Everyone loves to win!  Whether it’s your favorite sports team, your business, your family, your church, or any other part of life, everyone wants to experience that feeling of success.  There’s no question about it, winning is fun, and it makes you feel good, but there are times when losing can actually do you greater good in the long run than a win can.  “How’s that?,”…keep reading…

We all have times when we fail, so it’s important you look at it with the correct perspective.  Losing has a way of getting your attention, and if you choose you can turn every loss into a learning experience that will bring about greater success in the long run.  Instead of feeling sorry for yourself, making excuses and blaming other people, choose to make your failures a learning experience.  Remember, there’s winning, and then there’s learning.

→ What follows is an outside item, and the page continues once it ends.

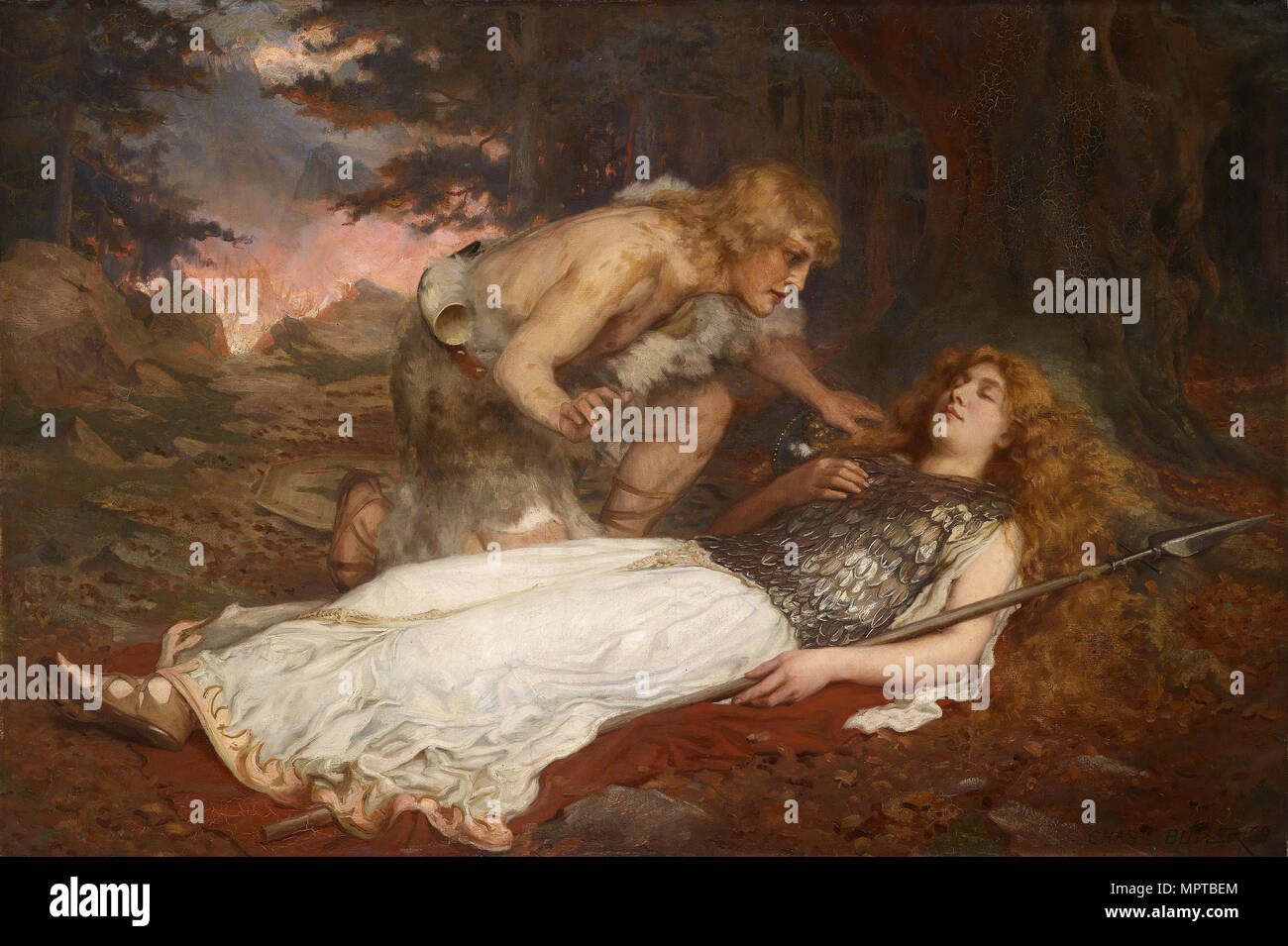 Siegfried und Brünnhilde. Stockfoto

Here are three things a loss can teach you:

  1. Pay attention to details.  It’s always the little things that lead to big results.  If you have experienced a lot of wins it’s easy to get caught up in the winning and forget that it’s the attention to details that got you there.   A loss has a way of making you aware of the lack of focus on details.   Make a check list of all the “little things” that are essential to your success, and communicate to everyone on your team the importance of paying attention to every detail.
  2. Don’t take things for granted.   A win streak can cause you to take things for granted.  Effort and execution are not automatic.  It takes a conscious decision to give maximum effort, and an intense focus to execute the game plan.  Thinking you can give less effort, or get away with slightly less than your best focus on executing the game plan will eventually catch up to you. 
  3. Focus on what you can control.  When things aren’t going well, it’s easy to get focused on the wrong things.  In every walk of life there are things you can control, and there are things you can’t control.  After experiencing a loss, you often see how your focus had shifted to the wrong things.  Never allow your energy or resources to be spent on things you have no control over.  When circumstances are difficult, when things aren’t going well, that’s when you need to give extra attention to the things you have power to change.

The next time you experience some sort of defeat, don’t waste anytime feeling sorry for yourself, but rather pick yourself up, dust yourself off, and spend some time learning from the failure.

John Maxwell says, “Learn to fail forward”.   This is possible when you decide to do so.

Keep up the good fight, and know that I believe in you!  You’ve got what it takes.